Das Ticket zum Neuanfang
2019 schenkt Nikola Blazenko ein Ticket zur Bar Convent, einer Fachmesse für Bar- und Getränkeindustrie in Berlin. Dort flammt die Idee vom Lokal in Nikola wieder auf. Kurz darauf entdeckt Nikolas Frau das Lokal in der Westbahnstraße 21. „Eigentlich hat es zweimal alleine nicht geklappt, aber ich versuche es ein drittes Mal und werde ihn [Anm.: Blazenko] fragen, ob er Lust hat, das mit mir zu machen“, erinnert sich Nikola zurück. Woran es bei den ersten Anläufen gescheitert ist, will ich wissen. „Meistens an den letzten behördlichen Schritten. Zum Beispiel sagt eine Behörde, dass wir doch keinen Schanigarten bewilligt bekommen, dann springt aber die Bank ab – ohne Schanigarten keine Förderung. Es ging immer um die Förderung.“
Mit Planung zum Erfolg
Schlussendlich schaffen sie es. Sie übernehmen das Lokal in der Westbahnstraße 21, das perfekt zum Konzept und Businessplan passt, den die beiden in den Folgemonaten akribisch erarbeiten. Sie bekommen einen Schanigarten, sie bekommen eine Förderung, sie renovieren das Lokal – das meiste in Eigenregie mit der Unterstützung von Freund:innen und Familie – eine:n Innenarchitekt:in engagieren sie nicht, weil ihre Ideen schon ganz klar geformt sind … und dann kommt Corona.
Der erste Lockdown zieht ihnen den Boden unter den Füßen weg. Sie hängen mit ihrem gesamten Ersparten in dem Lokal, das sie nicht aufmachen können. Die Strukturen für einen Lieferservice haben sie zu dem Zeitpunkt nicht – und selbst wenn … keiner kennt die neue Coffee-Eatery-Bar.
Statt im April 2020 servieren sie ihr erstes Frühstück im Juni 2020.
Endlich!
Grätzlfeeling, Gänsehaut und Gastfreundschaft
Gekocht wird vorwiegend mit saisonalen und regionalen Produkten.
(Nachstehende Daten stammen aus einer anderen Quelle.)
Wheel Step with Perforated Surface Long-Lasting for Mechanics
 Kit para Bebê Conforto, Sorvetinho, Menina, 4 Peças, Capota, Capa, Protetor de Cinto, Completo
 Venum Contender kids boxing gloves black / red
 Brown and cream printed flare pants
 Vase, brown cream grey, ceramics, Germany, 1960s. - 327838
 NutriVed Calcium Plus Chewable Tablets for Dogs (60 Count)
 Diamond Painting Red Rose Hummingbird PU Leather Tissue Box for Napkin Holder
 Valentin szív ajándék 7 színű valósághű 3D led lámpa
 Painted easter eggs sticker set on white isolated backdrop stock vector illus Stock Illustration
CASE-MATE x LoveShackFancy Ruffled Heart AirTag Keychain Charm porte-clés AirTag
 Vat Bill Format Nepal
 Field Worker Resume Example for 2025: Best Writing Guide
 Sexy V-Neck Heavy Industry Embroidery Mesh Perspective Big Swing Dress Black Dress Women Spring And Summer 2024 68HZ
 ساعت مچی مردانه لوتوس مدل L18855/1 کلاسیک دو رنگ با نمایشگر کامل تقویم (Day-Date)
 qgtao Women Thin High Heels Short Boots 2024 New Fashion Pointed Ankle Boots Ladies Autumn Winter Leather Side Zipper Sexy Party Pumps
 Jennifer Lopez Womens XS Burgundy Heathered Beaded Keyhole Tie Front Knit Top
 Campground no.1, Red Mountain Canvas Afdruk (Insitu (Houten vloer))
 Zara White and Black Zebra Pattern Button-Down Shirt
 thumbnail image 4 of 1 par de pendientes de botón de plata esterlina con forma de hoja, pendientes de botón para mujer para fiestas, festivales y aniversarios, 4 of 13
Dementsprechend wird die Karte auch etwa viermal im Jahr der Saison angepasst. Das Fleisch kommt ausschließlich aus Österreich. Für die Burger Buns hat sich Das Vivet einen Bäcker ausgesucht. Die glutenfreien Produkte wie eine eigene Mehlmischung und glutenfreie Brötchen kommen ebenfalls von einem ausgesuchten Hersteller. Obst und Gemüse bezieht Das Vivet bei einem kleinen Händler. „Wir schauen vor allem auf Low-waste, deshalb bestellen wir auch jeden Tag Obst und Gemüse.“ Wenn dann doch einmal mehr Gäste kommen und sich die Kalkulation um eine Gurke oder ein paar Karotten nicht ausgeht, sind die Vivet-Guys kreativ: „Dann laufen wir zu unseren Nachbarn und fragen sie, ob sie uns aushelfen können – zu Berlin Döner oder I Terroni … Da gibt es ein paar“, lacht Blazenko, „die kennen wir alle.“ Und Nikola fügt hinzu: „Das ist ein Grätzl, wo man sich gegenseitig hilft. Das ist nicht Konkurrenz. Als wir hergekommen sind, haben die anderen gesagt: ‚Super, jetzt verbindet sich alles – Schottenfeldgasse, Zieglergasse … endlich schließt sich die Lücke und jeder profitiert von jedem.“ Hilfsbereitschaft und Gastfreundschaft beruhen auf Gegenseitigkeit. Vivet-Besprechungen werden bei Wolfgang Coffee oder anderen Nachbarn abgehalten, es ist ein Geben und Nehmen.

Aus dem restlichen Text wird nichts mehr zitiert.